Help with simple (celcius to f) linear regression using PyTorch (gradient descent + autograd)

Hi all,

I am watching the Part 1 2018 videos and trying to get hang of PyTorch.

I’m trying to model simple linear regression with a goal of converting celcius to fahrenheit.

However, my bias term seems to be converging extremely slowly. If I increase the learning rate the gradients will blow up. I’m not using PyTorch optimizer but am trying to use PyTorch’s autograd.

As per Celcius to Fahrenheit formula the bias should be 32. But during my 5000 epochs it seems to only converge from the random start value, -0.5949, to -0.2762.

Here’s the notebook:

I’m pretty sure I got some simple concept with PyTorch wrong. Anyone has any idea why the bias weight is updating so awfully slowly and how to fix it? I would really appreciate all help! :slight_smile:

Thanks in advance!

There are nothing wrong with Pytorch. I think the problem is from your data and your choice of learning rate.

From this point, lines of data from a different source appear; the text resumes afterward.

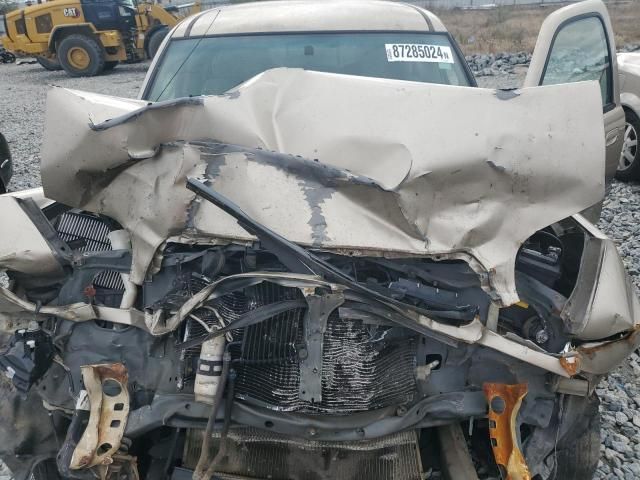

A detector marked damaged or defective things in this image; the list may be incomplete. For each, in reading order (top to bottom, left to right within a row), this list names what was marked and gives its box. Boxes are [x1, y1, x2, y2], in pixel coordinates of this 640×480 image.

torn sheet metal [40, 69, 604, 306]
crushed hood [41, 67, 604, 304]
rusted metal bracket [70, 364, 130, 468]
rusted metal bracket [482, 382, 532, 480]
rust stain [482, 384, 532, 480]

I guess you should normalize your data. Your Xs are in range -500 to 500, it can make your MSEloss super high !!

I made some modifications in your code.

  • Rearrange the X from 0 to 1

  • Change the learning rate to 1e-3 to converge faster

Then I come up with the final parameters: 1.7976 and 31.99 that I think quite OK

x = np.array([ [c] for c in np.random.randn(2000)], dtype=np.float32)
y = np.array([ c_to_f(c) + np.random.randn() * 0.3 for c in x], dtype=np.float32)
lr = 1e-3

This is just to show you how to learn the parameters. I haven’t tried to normalize your X and Y. You can work further on this and update your result on this post :smiley: . I am quite interesting on how to do this

My code you can find here.

Hope that helps,

[Update] You can normalize like thisNormalize

But i think the parameters obtained should be modified to reverse back to ones before normalization

1 Like

Yep. This seems to work beautifully!

a,b = (tensor([ 1.8001]), tensor([ 31.9986]))

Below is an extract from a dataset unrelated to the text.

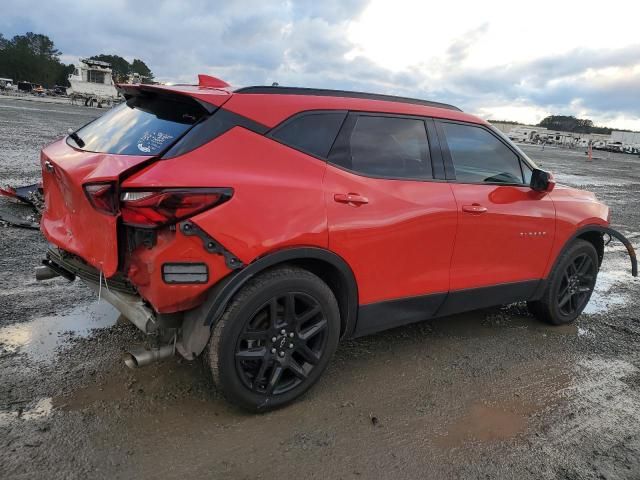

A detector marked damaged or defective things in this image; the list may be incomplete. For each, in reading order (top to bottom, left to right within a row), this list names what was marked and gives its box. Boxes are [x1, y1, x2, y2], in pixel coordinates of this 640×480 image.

Where as correct a = 1.8 and b = 32.

Now it’s converging within 50 epochs using just 1e-1 as learning rate. This is more of what I was expecting for… Great! I was feeling lost for a while. :slight_smile:

Thanks a LOT for help! Would have taken a while to spot it myself this time of day. Or maybe waking up tomorrow morning realizing what was the problem… :slight_smile:

Something like this?

def normalize(x):
return (x - x.min())/(x.max() - x.min())
x = np.array([ c for c in np.random.randint(-500, high=500, size=2000)], dtype=np.float32)

x = normalize(X)

y = np.array([ c_to_f(v) for v in x], dtype=np.float32)

Seems to converge pretty nicely also.

Yes. That’s it. Do you get the same value of parameters after training, a=1.8 b=32 ?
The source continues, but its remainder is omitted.